A Rare Case of Atypical IgA-Mediated Anti-GBM Disease with ANCA-Associated Glomerulonephritis

Session Information

Category: Glomerular Diseases

  • 1402 Glomerular Diseases: Clinical, Outcomes, and Therapeutics

Authors

  • Nasr, Kristina Karim, University of Minnesota Twin Cities, Minneapolis, Minnesota, United States
  • Pickthorn, Sean, University of Minnesota Twin Cities, Minneapolis, Minnesota, United States
  • Klomjit, Nattawat, University of Minnesota Twin Cities, Minneapolis, Minnesota, United States
Introduction

Atypical anti-GBM has been used to describe seronegative cases of anti-GBM disease and constitutes up to 10% of anti-GBM cases. Patients can have milder symptoms and atypical pathological findings, such as linear deposition of IgA or IgM. Current conventional assays are unable to detect these classes of immunoglobulin.
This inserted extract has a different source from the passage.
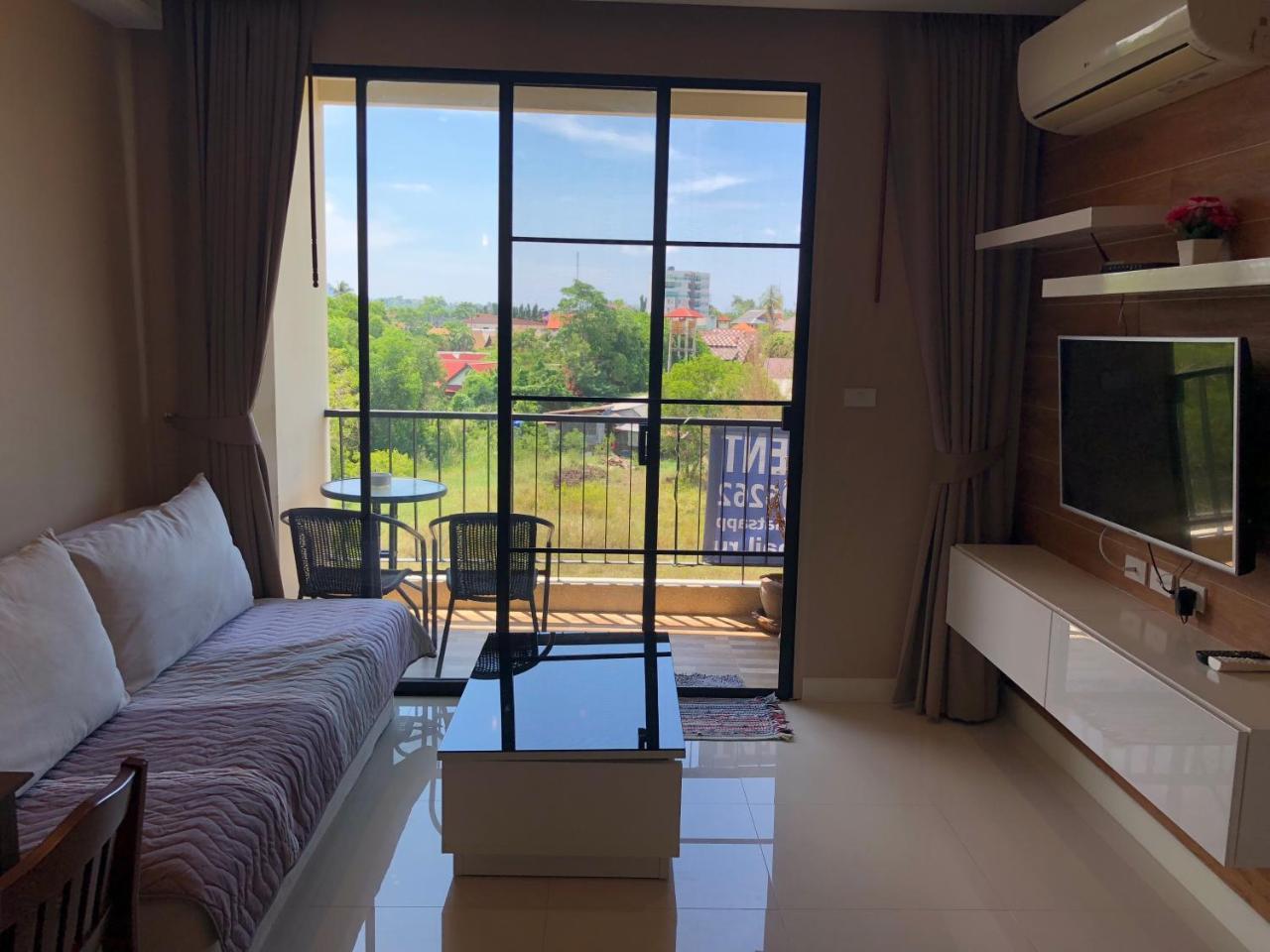 The Lago Apartments Rawai Екстериор снимка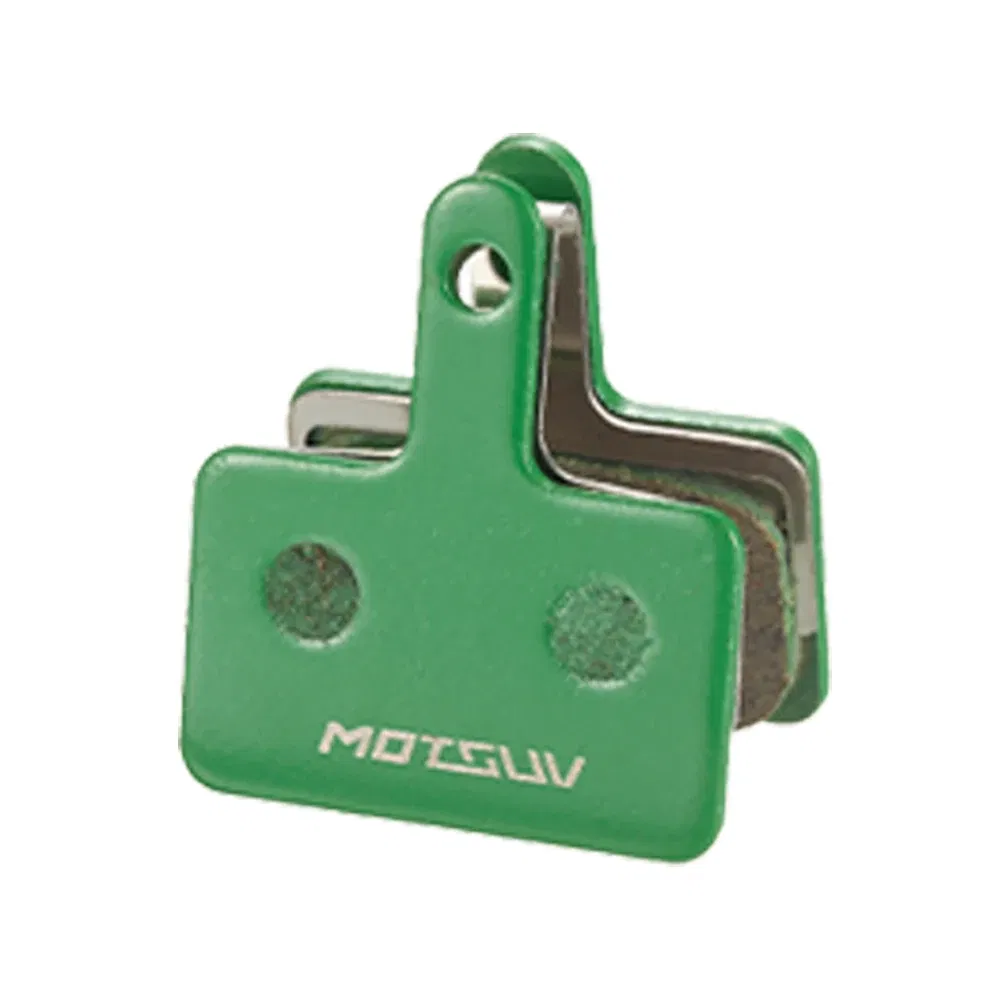 Color: WHITE - MOTSUV Bicycle Ceramics Hydraulic Disc Brake Pads For AVID SHIMANO HAYES SRAM MAGURA FORMULA HOPE Cycling MTB Bike Bicycle Parts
Approximately 30% of anti-GBM glomerulonephritis (GN) cases have concomitant ANCA GN. However, coexisting atypical anti-GBM and ANCA GN is very rare. We present the first case of seronegative atypical IgA-mediated anti-GM with MPO-ANCA GN.

Case Description

The patient is a 64-year-old male with a history of well-controlled type 2 diabetes. Two months prior, he developed myalgias and unintentional weight loss after a COVID-19 infection. He was diagnosed with polymyalgia rheumatica and treated with prednisone 20 mg/day. Initially, myalgias improved but symptoms recurred when the dose was reduced to 5 mg/day. At a subsequent visit, he endorsed a new cough, and his BP was elevated at 164/94 mmHg. Laboratories showed creatinine (Cr) 2.01 mg/dl, CRP 64.0 mg/l, normal C3 and C4 complement, P-ANCA 1:320, MPO >134.0 U/ml and negative anti-GBM. Monoclonal protein was negative with normal kappa/lambda ratio. Urinalysis showed RBC 17/hpf without RBC casts, UACR 142 mg/g and UPCR 0.39 g/g. Kidney biopsy showed focal necrotizing and crescentic glomerulonephritis in 23% of glomeruli with a vasculitis lesion in one artery and no significant fibrosis. Immunofluorescence showed linear GBM staining for IgA (3+), kappa (1+) and lambda (2+). Overall results were consistent with atypical anti-GBM and ANCA-GN. He was started on methylprednisolone 500 mg x 3 days and plasmapheresis (PLEX) for 5 days until Cr improved (as serologic levels of IgA anti-GBM were unavailable to guide the duration of PLEX). He then started oral cyclophosphamide. At 3-month follow-up, he felt better with improved energy. Cr improved to 1.45 mg/dl. MPO titer decreased to 2.0 U/ml with normal ESR and CRP. UA showed resolution of hematuria.

Discussion

Atypical anti-GBM may present with ANCA-GN. Treatment with cyclophosphamide and PLEX can improve kidney outcomes in these patients.